▶ **TASK PROMPT**
Leaving the pictures out, transcribe the records below exactly.

▶ **GIVEN DATA**
# # # #

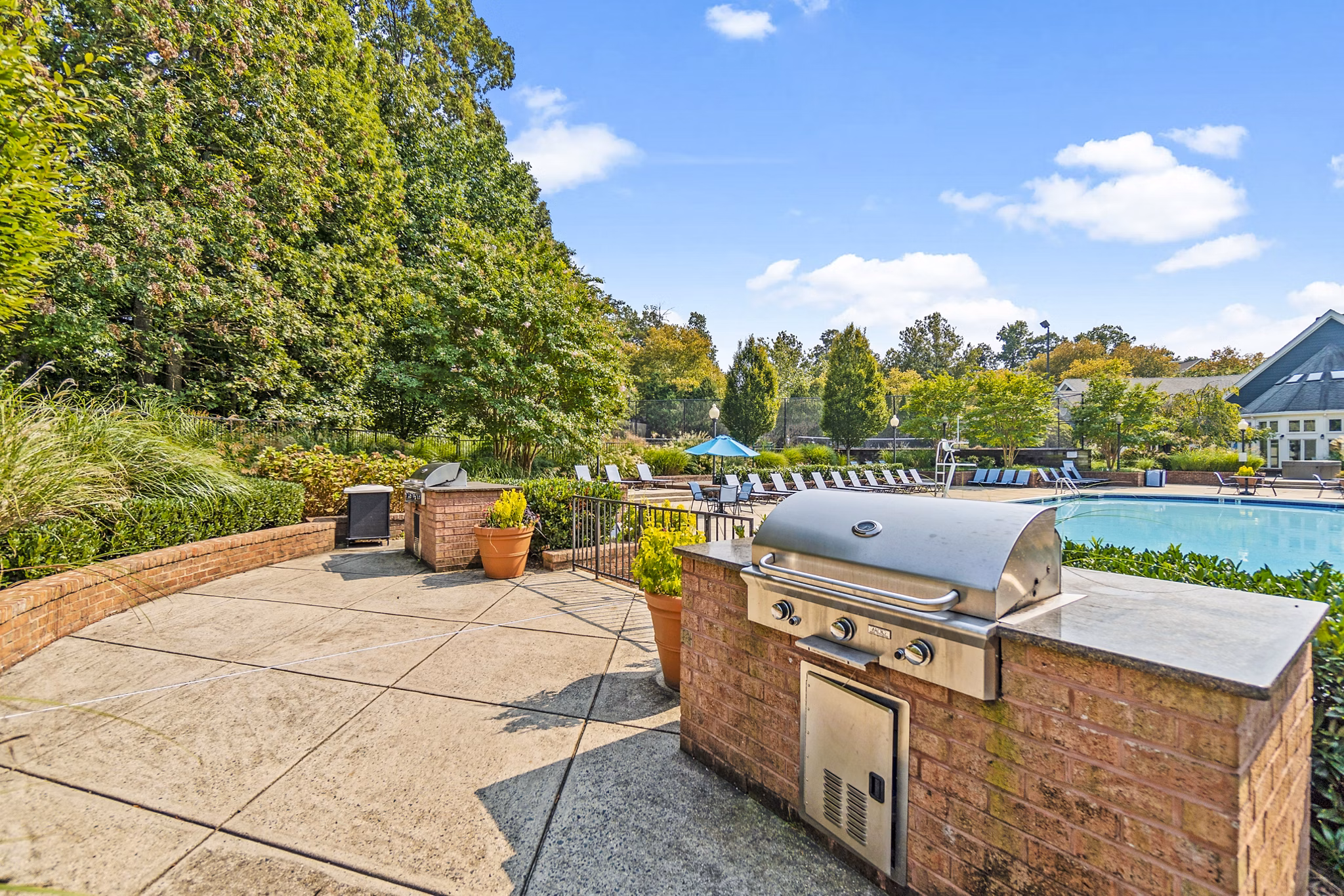 Outdoor grill area by the pool at Ellipse at Fairfax Corner Apartments
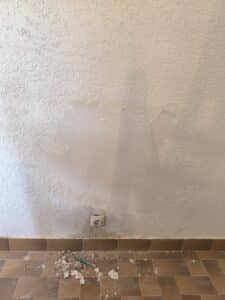 Mur texturé beige en cours de rénovation, avec des zones d'enduit arraché. Une prise électrique est visible au-dessus d'un sol carrelé sale et de débris de chantier.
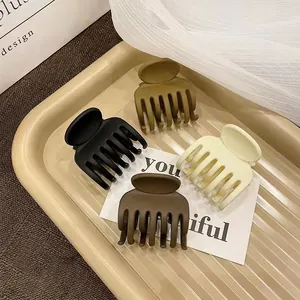Set of 4 matte hair claws in neutral colors like black and green for half-up hairstyles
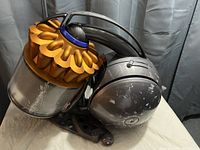 Dyson vacuum cleaner body showing gold cyclone dustbin with black and gray canister base, visible scratches and wear.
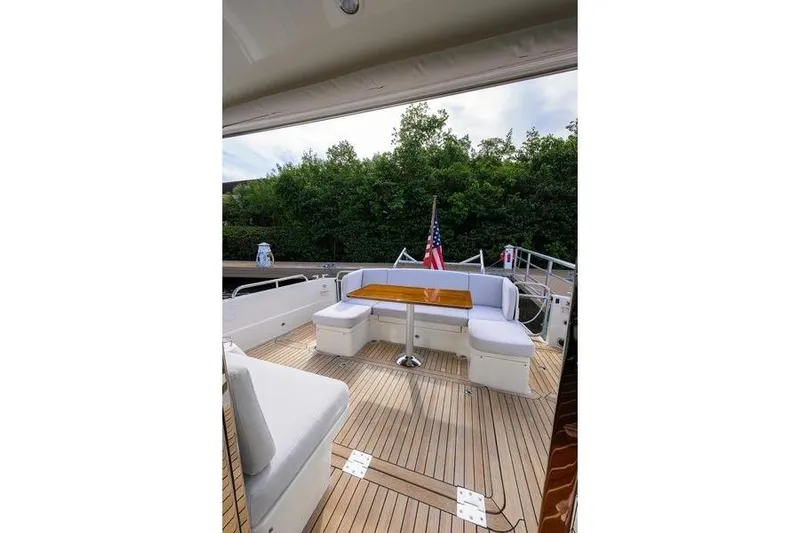  Yacht Photos Pics 2022 Sabre 45 Salon Express yacht deck with seating and table, featuring American flag.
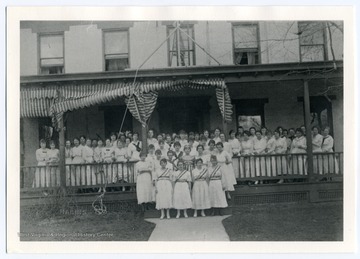 Caption reads: "Flo Lantz as Goddess of Liberty. Carrie Kate Fleming Scrapbook." The Hall refers to the WVU Woman's Hall.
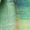 A close-up of turquoise and green abstract brush strokes on the Colour Blend Circle Print Scarf, reminiscent of a watercolor-inspired design, creates a textured and layered appearance.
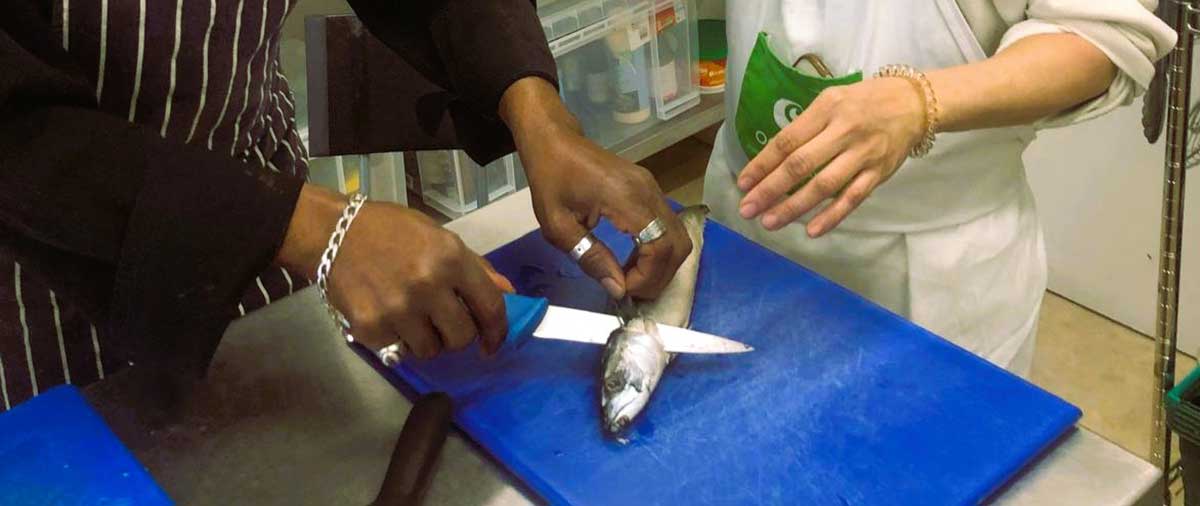 Student learning knife skills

# # # #

▶ **WORKED SOLUTION**
 Outdoor grill area by the pool at Ellipse at Fairfax Corner Apartments
 Mur texturé beige en cours de rénovation, avec des zones d'enduit arraché. Une prise électrique est visible au-dessus d'un sol carrelé sale et de débris de chantier.
Set of 4 matte hair claws in neutral colors like black and green for half-up hairstyles
 Dyson vacuum cleaner body showing gold cyclone dustbin with black and gray canister base, visible scratches and wear.
  Yacht Photos Pics 2022 Sabre 45 Salon Express yacht deck with seating and table, featuring American flag.
 Caption reads: "Flo Lantz as Goddess of Liberty. Carrie Kate Fleming Scrapbook." The Hall refers to the WVU Woman's Hall.
 A close-up of turquoise and green abstract brush strokes on the Colour Blend Circle Print Scarf, reminiscent of a watercolor-inspired design, creates a textured and layered appearance.
 Student learning knife skills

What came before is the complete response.